Diese „symbolische Form“ wird im Bildnis der „Rumänin“ eingebracht, ebenso bei Frau Porada, beim Reber-Porträt. Sie taucht im Familienbild von 1920 auf, natürlich in dem fliegenden Akrobatenpaar. Sie ist nie Dekoration, später, bei „Vor dem Kostümfest“ (1945) wird sie heimliches Thema.

Das schwarze Rund, früh auch als rotes (Selbstbildnis als Clown), das durch die Fläche der Malerei in die Tiefe einlädt, ist die heimliche Signatur des Malers, der damit das Weltverhältnis seiner Bilder grundiert. Selbstverständlich ist es erst einmal eine Form, die fasziniert, die Spannungselemente aufweist. Doch Beckmann weiß, Was er formt und formt es bewusst und liebend gern. Später bringt er gern schwarze Kanten des Nichts ein.

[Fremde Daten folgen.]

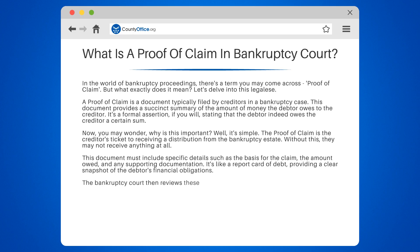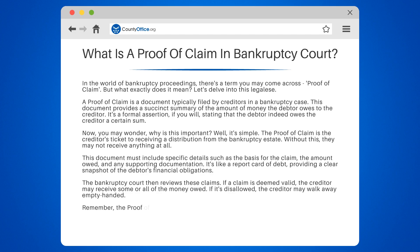The bankruptcy court then reviews these claims. If a claim is deemed valid, the creditor may receive some or all of the money owed. If it's disallowed, the creditor may walk away empty-handed. Remember, the proof of claim is a crucial part of the bankruptcy process — the cornerstone that can determine the financial fate of creditors in a bankruptcy case.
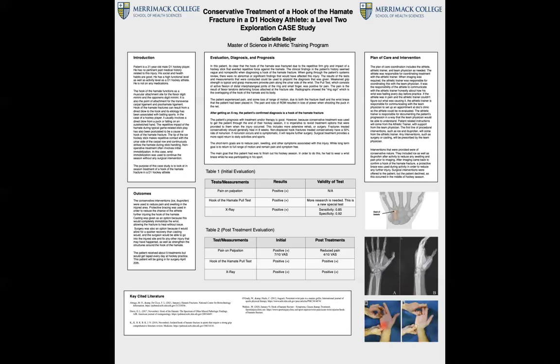Typical intervention for this fracture starts with surgery. Outcomes of conservative treatment reduced pain, but the special tests and imaging done at the initial treatment and post-treatment still remain the same. Conservative treatment can be used to reduce pain for an athlete mid-season for this type of injury; however, doing this can just prolong the injury and recovery.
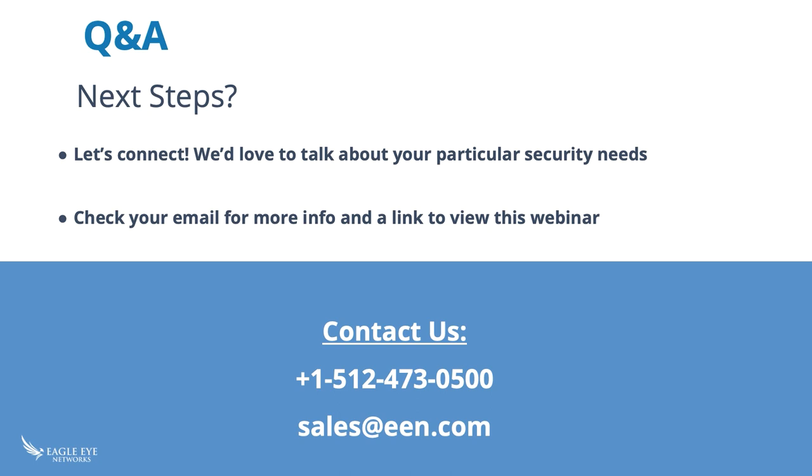Those are all the questions we'll take for now. If we didn't get to yours, as long as you provided your email, we'll send those answers over today or tomorrow at the latest. For any remaining questions, please reach out via phone or email — all contact information is on screen. Be sure to check your email for this recorded webinar and more information. Thanks so much to Jody for being our presenter today and thanks to everyone for participating. Everyone here at Eagle Eye hopes your team is staying healthy and we look forward to hearing from you very soon.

Im wunderbaren Bild „Vor dem Kostümfest“ (1945), eins der schönsten Bilder in der Leipziger Ausstellung, betrachtet sich eine Frau – sehr intensiv, sehr ernst – im Spiegel. Ein sinnliches Fest der Malerei, eine Lust mit einer aufregenden Szene, denkt man, aber eben: nur Karneval.

Doch das ist ein Irrtum. Beckmann hat dort – in der 2/3-Mitte des Schönen Schnitts – die Tiefe der Unendlichkeit inszeniert. Die rechte Frau hält den Spiegel exakt dort. Ein Spiegel ist besonders geeignet, als En-Soph-Symbol zu dienen.

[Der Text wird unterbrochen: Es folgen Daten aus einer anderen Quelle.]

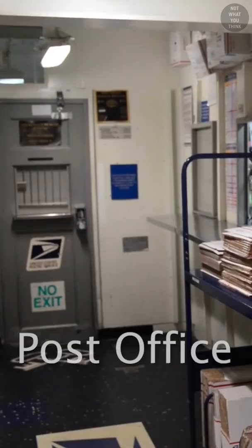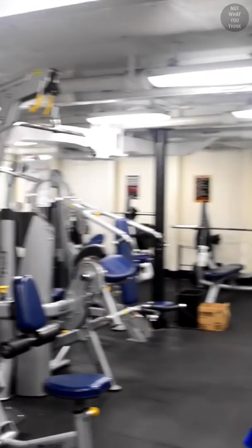The post office receives mail during replenishment at sea and also when the ship is at port. So yeah, you can order from Amazon too. There are 5 gyms where sailors come to exercise during their free time.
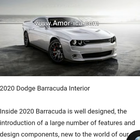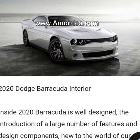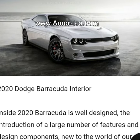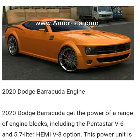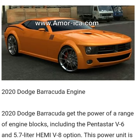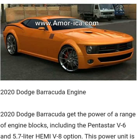2020 Dodge Barracuda interior. Inside, the 2020 Barracuda is well designed, with the introduction of a large number of features and design components new to the world of conventional muscle cars. Particular attention was paid to the aspects of safety and luxury, which emphasized the positive aspects of this vehicle. All this should help drivers remain comfortable when driving the 2020 Dodge Barracuda, even at high speeds.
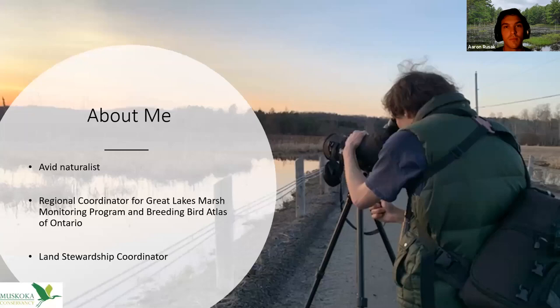A little bit about me: I'm a very avid naturalist. When I used to do birding presentations it just said 'avid birder,' but I've since branched out into dragonflies, butterflies, moths, plants, and a little bit of everything, because I'm finding that broad knowledge about the natural world improves my birding skills. I'm also the regional coordinator for the Great Lakes Marsh Monitoring Program and for the Breeding Bird Atlas of Ontario.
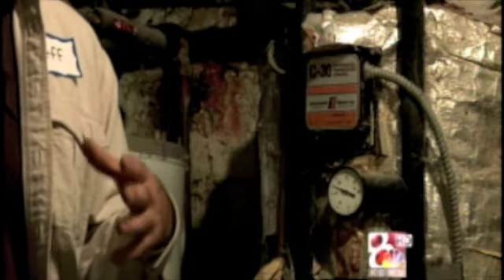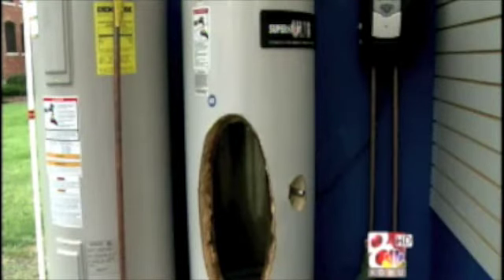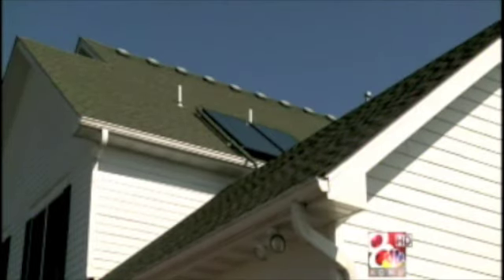Solar water heating systems cost $7,000 to $10,000. The average customer gets $400 in annual savings, so the units take as long as 12 years to pay off. But there are other incentives: the state of Missouri gives you back another $500, and using a solar water heater also qualifies for a 30% federal tax credit.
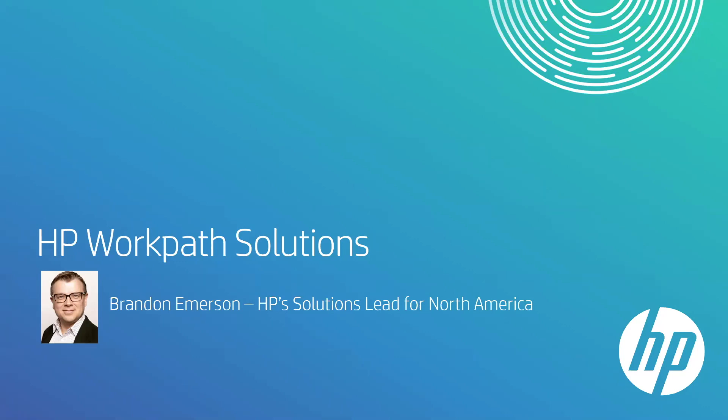Thanks everyone for joining. If you guys have questions as we're going through this today, feel free to pop it into the Q&A and let me know. This time is really for you guys. I want to make sure you get the most out of this. So if there's anything you want to know more about, I'm happy to go deeper. As JP mentioned, I lead our solutions for North America, and I want to spend some time talking about our WorkPath solutions and solutions portfolio.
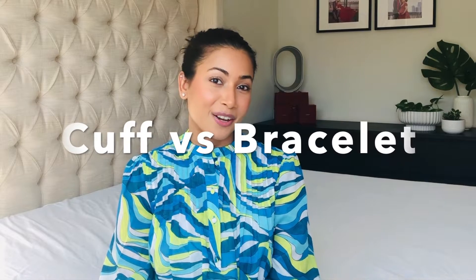Hey guys, in today's video I'm going to be comparing the Cartier Love Bracelet with the Love Cuff. On YouTube there are a million videos on the Love Bracelet and very few videos about the Love Cuff, and almost no videos comparing the Love Cuff with the Love Bracelet. Since I happen to have both pieces and have used them for quite some time, I figured I would do a video on this topic.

Denn ganz sicher wurde in einem der synkretistischen Bücher, die Beckmann gelesen hatte, mitgeteilt, dass das En-Soph ein Zeichen für den Urgrund natürlich auch aller Farben ist, selbst aber keine besitzt. (Man sehe die Farbbögen in der „Fastnacht“ von 1920.) Schon Kabbalisten der frühen Neuzeit, kann man bei Gershom Scholem lesen, wendeten den Spiegel dafür an: er hat keine Farbe, spiegelt aber alle anderen.

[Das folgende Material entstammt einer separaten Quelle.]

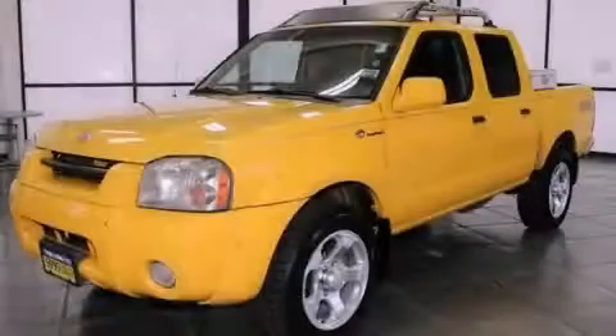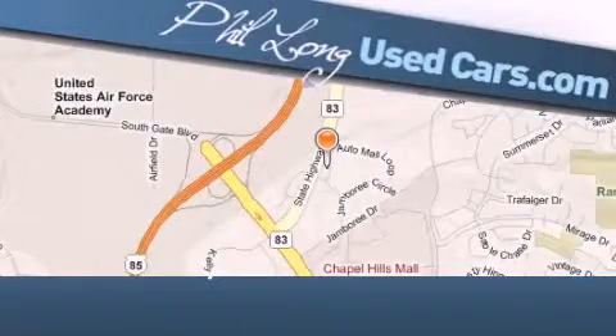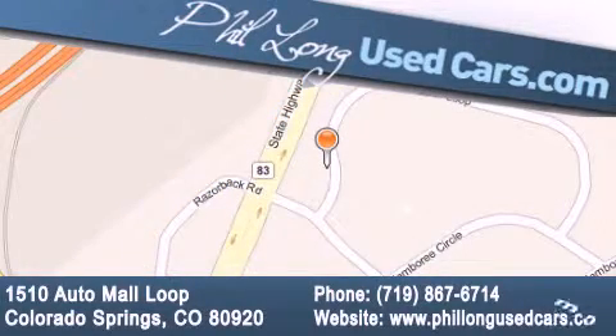Stop by today and test drive this automobile for yourself. Phil Long Used Cars is located at 1510 Auto Mall Loop in Colorado Springs. Our goal is to exceed all of your expectations to ensure that you'll return for future visits.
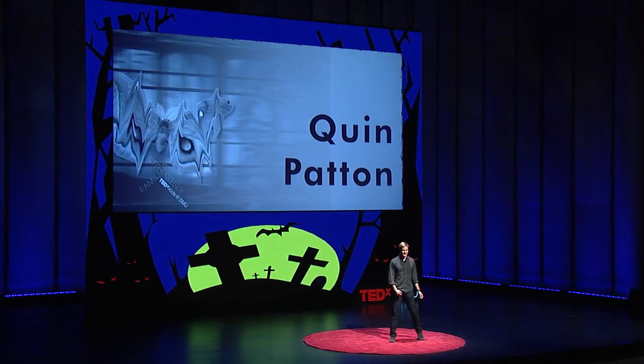All right. Well, good morning everyone. I'm really excited to be here to talk to you today about how to think like a scientist. And this is so great because it's something you already know — it's just the scientific method.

„Vor dem Kostümfest“ in den Spiegel des Einen Undendlichen zu schauen heißt vor der Verwandlung, vor dem Moment, in dem man seine gegenwärtige „Rolle“ im Welttheater verlässt. Freilich: wir sehen nur Frauen, und eine schaut dazu in den Spiegel. Wer aber nur die Oberfläche sieht, verpasst eine – die emotional entscheidende – Dimension des Beckmannschen „Circus“. Mit seiner Persönlichkeit rennt Beckmann „wie unsichtbar umher“.